In a recent post, Rose shared some of the vintage cookbooks she found at the Washington Antiques Fair the other weekend; we found quite a lot of interesting stuff there, I'm afraid, and I thought I'd share a bit more of it here, just because I feel like it. And because of the whole weirdness of serendipity and collecting: part of what makes collecting old stuff worthwhile.
So besides the vintage cookbooks and the handful of magic lantern slides that were kind of mutual purchases on both our parts (perhaps we'll manage to put together a magic lantern slide post sometime, if we can figure out how to get good images), I also was looking at all the old handwritten stuff I could find. I did find a big batch of old papers from Gabriel Raymond, onetime resident and mill operator from Lenox, New York. The papers date from about 1819 into the 1860s, mostly dealing with the mill, and with lots 66 and 67 of the Oneida Creek Tract, which Raymond seems to have owned. All sorts of interesting stuff, including papers relating to lawsuits (including two old Utica, New York folded letters with early 1830 stamped postmarks--long before postage stamps themselves existed) and a fascinating duplicate copy of a $1200.00 settlement receipt from the Erie Canal commissioners to Nathan Raymond, "damages which the appraisers on the Erie Canal have awarded to me for the injury which I have sustained in consequence of the use and occupancy by said canal of the waters of the Cowaston [sic?] Creek, whereby the saw mill located on said creek + below said canal is deprived of its accustomed supply of water."
But also, I ran across a "zip-lock" bag full of old envelopes (fifty-one envelopes, I think, most from 1870s and 1880s) complete with stamps, etc, for only $5.00. I doubt there are any rare stamps here (stamps were probably the first thing I ever collected, and my parents once tried to get all three of us kids hooked on collecting US stamps, and I still have all of my old collection). But the envelopes (the letters are gone from almost all of them) tell a story in their own unique way: most are addressed to one Jennie B Wallace, with some of the oldest (in the 1870s) addressed to Wellesley, Mass.
This woman must have collected these envelopes over some span of time; others are addressed to her at Pennsylvania Female College in Pittsburgh (later to become Chatham, I believe). I found these two especially fascinating for the addresses:
Remarkably, however, one of the envelopes addressed to the man who must have been Jennie's father was actually sent to Greeley, Colorado, our previous hometown:
That's "Care Mr James Ewing," (and the postmark is either "83" or "88") if any sharp-eyed readers wish to look him up in Greeley archives.

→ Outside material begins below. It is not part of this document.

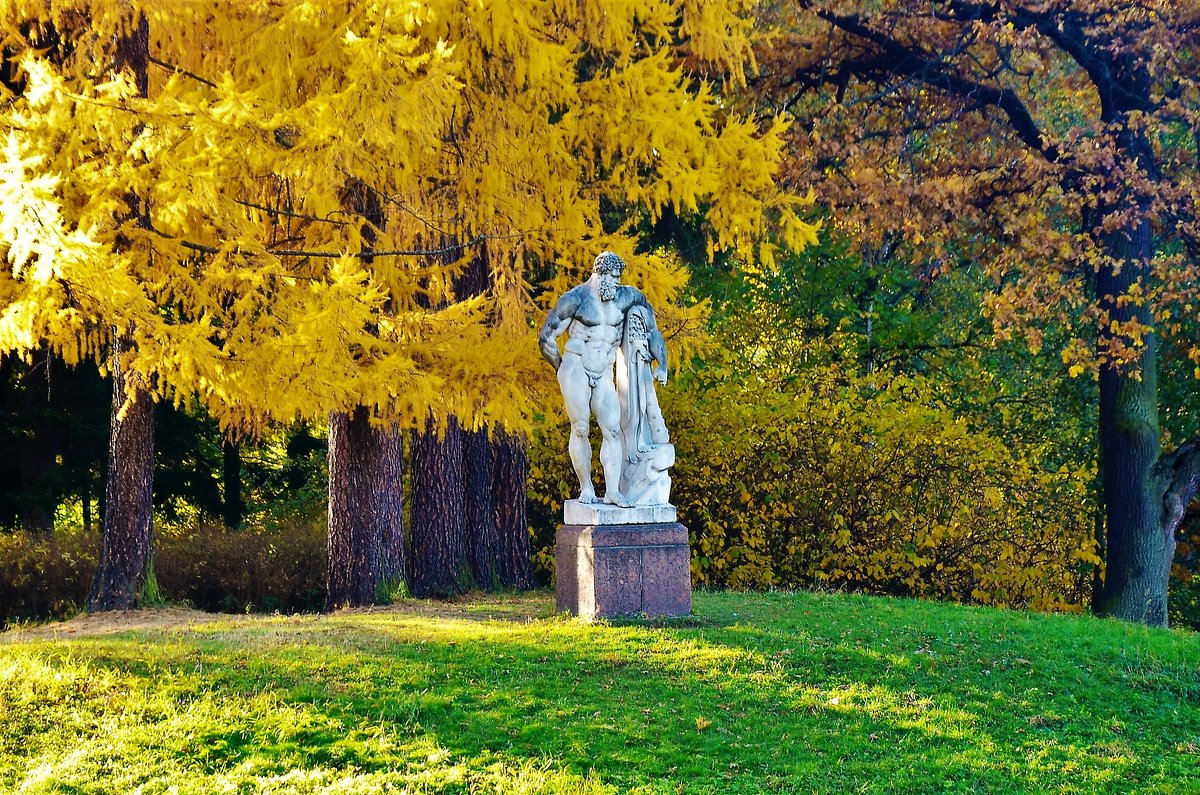 Скульптура Геркулес под золотой лиственницей... - Sergey Gordoff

Most interesting of all to me in this batch of stuff, though was the long letter from one "Cousin Aleck" to "Bell" entirely undated and without an envelope, but I think ultimately from Jennie B's father, Rev. A. G. Wallace, D. D., to her mother, Bell, probably before their marriage. (And if I've got the genealogy wrong here, it's a shame, because the story is such a nice one.) But the letter starts out by quoting Shakespeare and then goes on, "I just now see why it is that the spirit of chivalry has died + love has languished so much in this boasted of 19 century. We are impatient; nothing satisfies us but railroads and telegraphs."

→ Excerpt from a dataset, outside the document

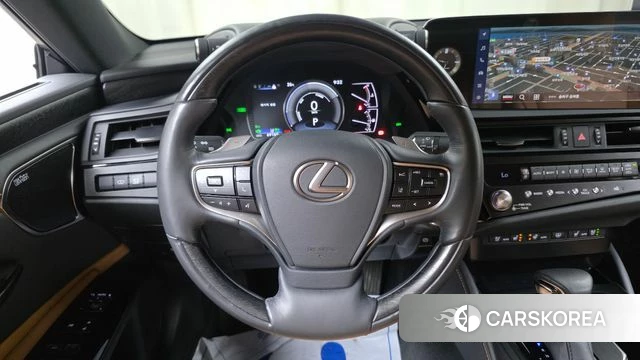 Lexus ES300h 7th generation 2023 Белый из Кореи, фото 6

The second page of the letter especially caught my eye, as I'd always heard about letters written in both directions, but this is the first one I've ever had a chance to buy:
The second text is written in red or pink ink, to make reading the two parts of the letter easier, I suppose. But for those interested in the personal musings of those long dead (especially if you can make out the brown-ink text), here's a transcription of the pink: "Permit me to add another line. I intended to write merely a note but so long as there is any room I must write. Just as I was about to go to the Post Office Father and Mother came home. Both in good health. I had almost resolved to quit smoking, but Mother brought me some good cigars and so as I write the smoke curls gracefully around my head. Smoking is favorable to revery + my reveries at present are very pleasant for Clark has been praising your likeness as perfection. Last night I slept but 3 hours, am unwell, and now it is eleven P. M. so I am forced to close this letter already too long. Goodbye."
When one can find things like this, who would not be a collector?